Assignment — Copy every entry exactly as given, minus the images.

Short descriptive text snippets
*** Begin section ***

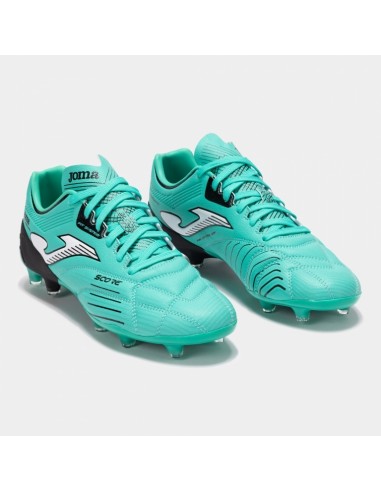Botas de Futbol para HOMBRE JOMA SCORE 2527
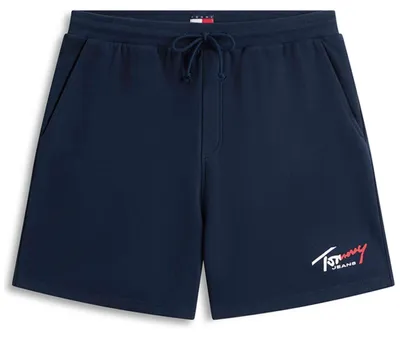 Produktbild von Shorts Tommy Hilfiger TJM SIGNATURE BEACH SHORT für Herren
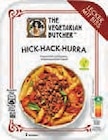 Hick-Hack-Hurra von The Vegetarian Butcher im aktuellen tegut Prospekt für 2,49 €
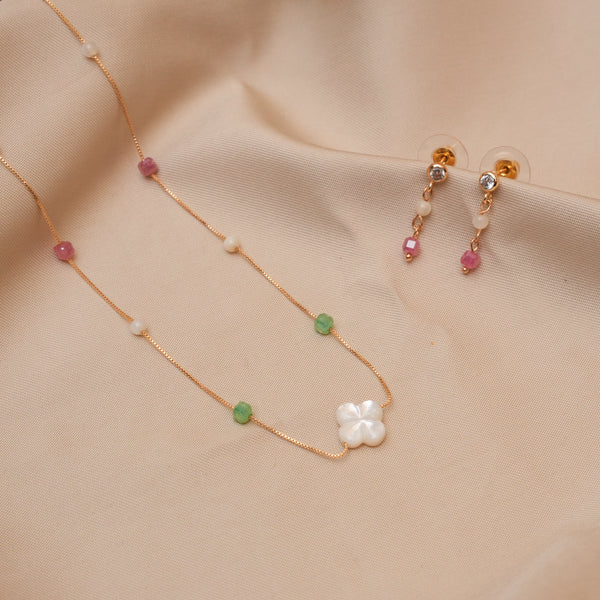 Fancy Beads Chains 111626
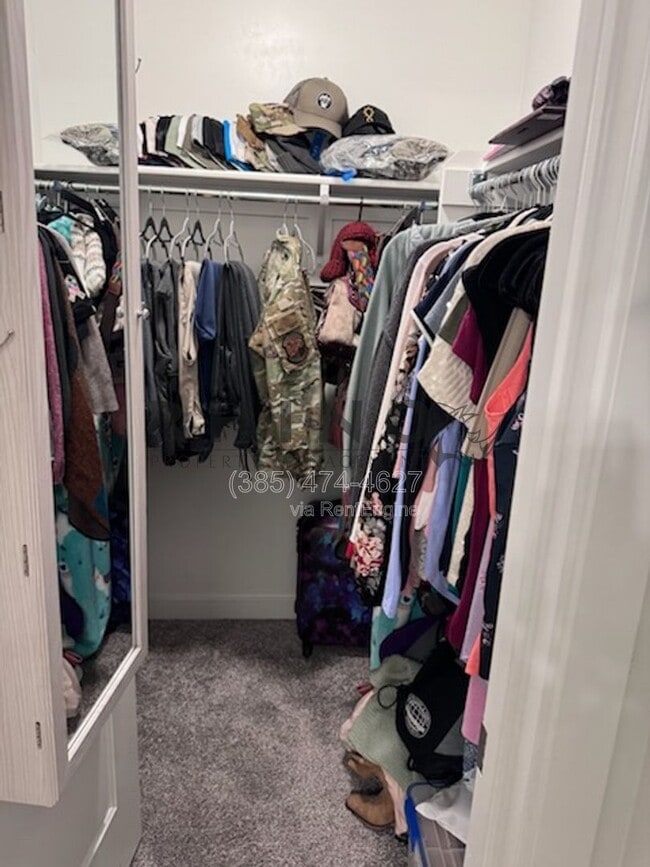 Building Photo - 3243 W 3875 S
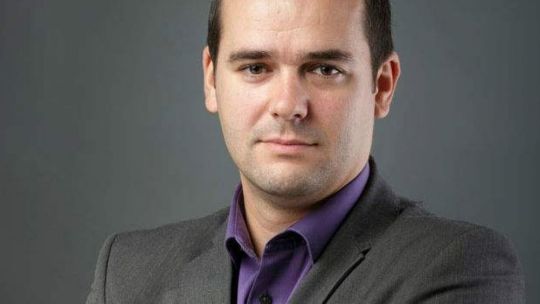 Platforma WOZ, dezvoltata de compania romaneasca FintechOS in urma unei investitii de 1,5 milioane de euro, a fost prezentata comunitatii de dezvoltatori si partenerilor de implementare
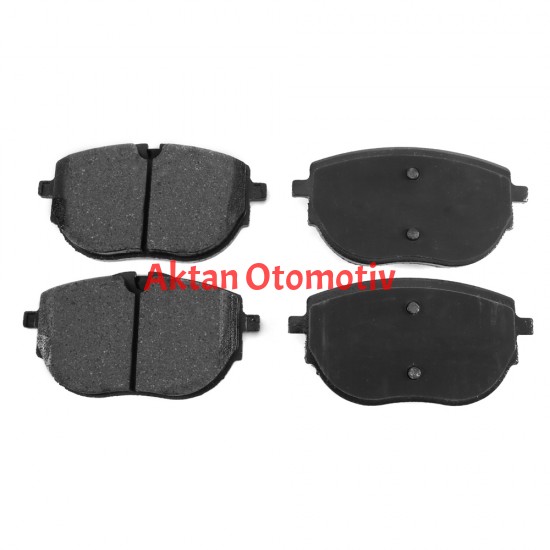 FREN BALATA TRANSPORTER 20= ON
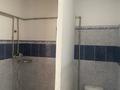 Отдельный дом · 4 комнаты · 97 м² · 6 сот., Казгор -бакша 137 за 22 млн ₸ в Байтереке (Новоалексеевке) — фото 7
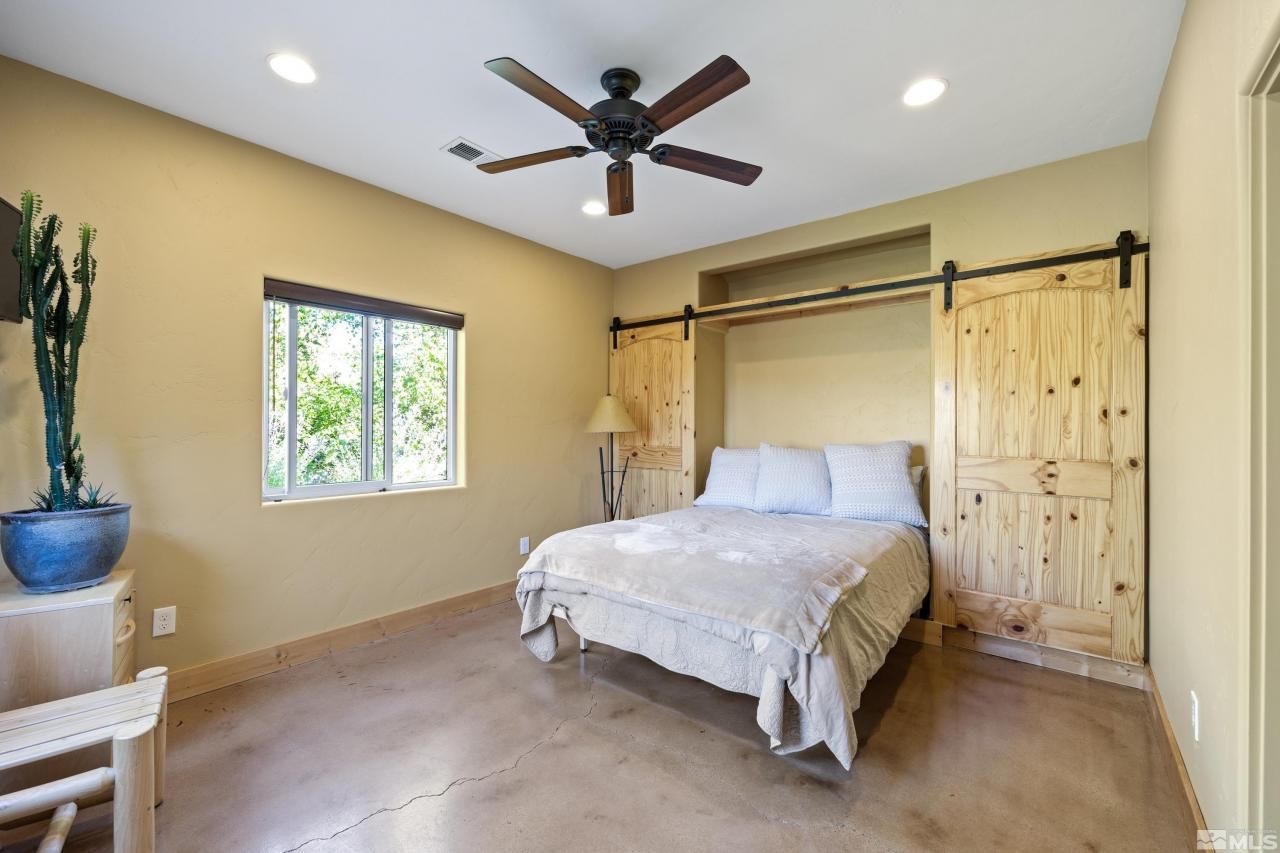 5745 Carl Drive, Reno, NV 89511 Photo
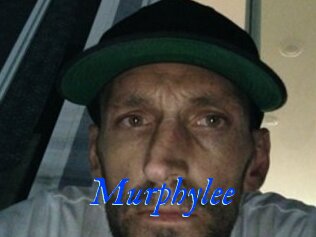 Murphylee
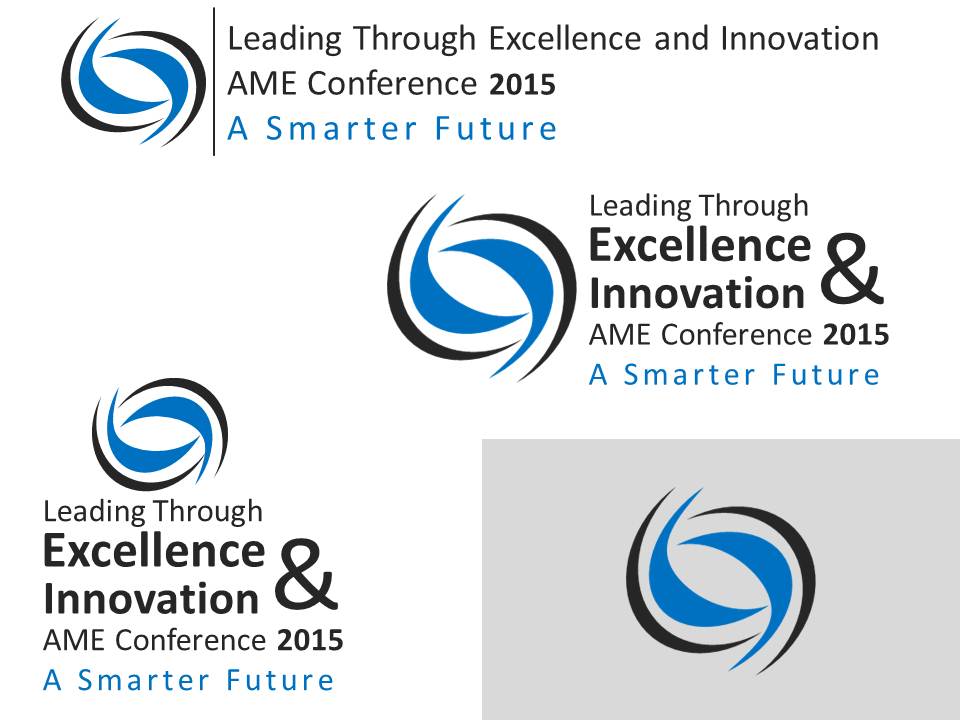 Logo Design by humibest for Association for Manufacturing Excellence | Design #4033523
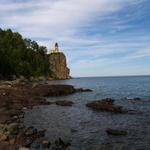 Split Rock Lighthouse 4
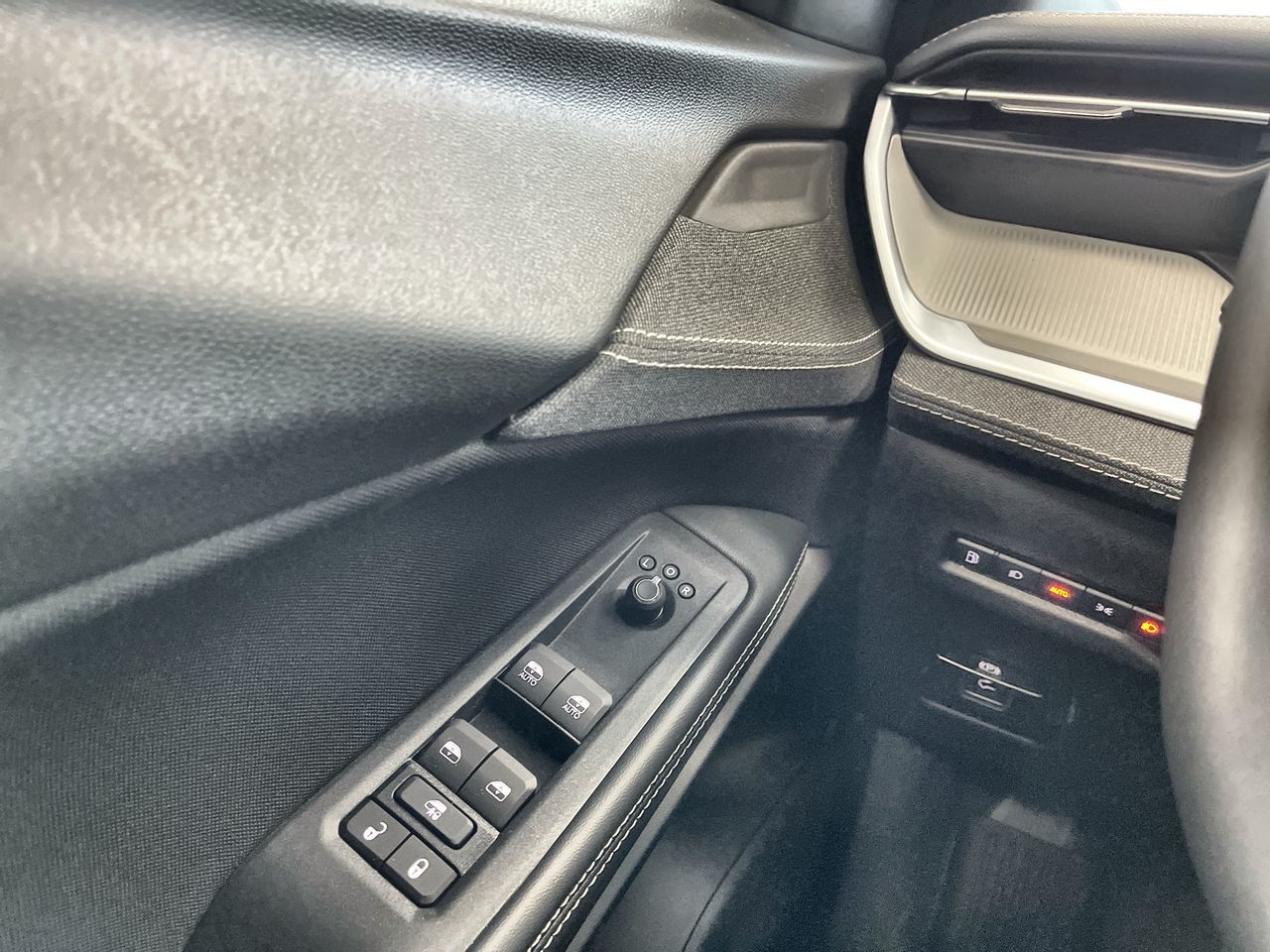 2026 Jeep Cherokee in Regina, Saskatchewan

*** End section ***

Result of the task —
Botas de Futbol para HOMBRE JOMA SCORE 2527
 Produktbild von Shorts Tommy Hilfiger TJM SIGNATURE BEACH SHORT für Herren
 Hick-Hack-Hurra von The Vegetarian Butcher im aktuellen tegut Prospekt für 2,49 €
 Fancy Beads Chains 111626
 Building Photo - 3243 W 3875 S
 Platforma WOZ, dezvoltata de compania romaneasca FintechOS in urma unei investitii de 1,5 milioane de euro, a fost prezentata comunitatii de dezvoltatori si partenerilor de implementare
 FREN BALATA TRANSPORTER 20= ON
 Отдельный дом · 4 комнаты · 97 м² · 6 сот., Казгор -бакша 137 за 22 млн ₸ в Байтереке (Новоалексеевке) — фото 7
 5745 Carl Drive, Reno, NV 89511 Photo
 Murphylee
 Logo Design by humibest for Association for Manufacturing Excellence | Design #4033523
 Split Rock Lighthouse 4
 2026 Jeep Cherokee in Regina, Saskatchewan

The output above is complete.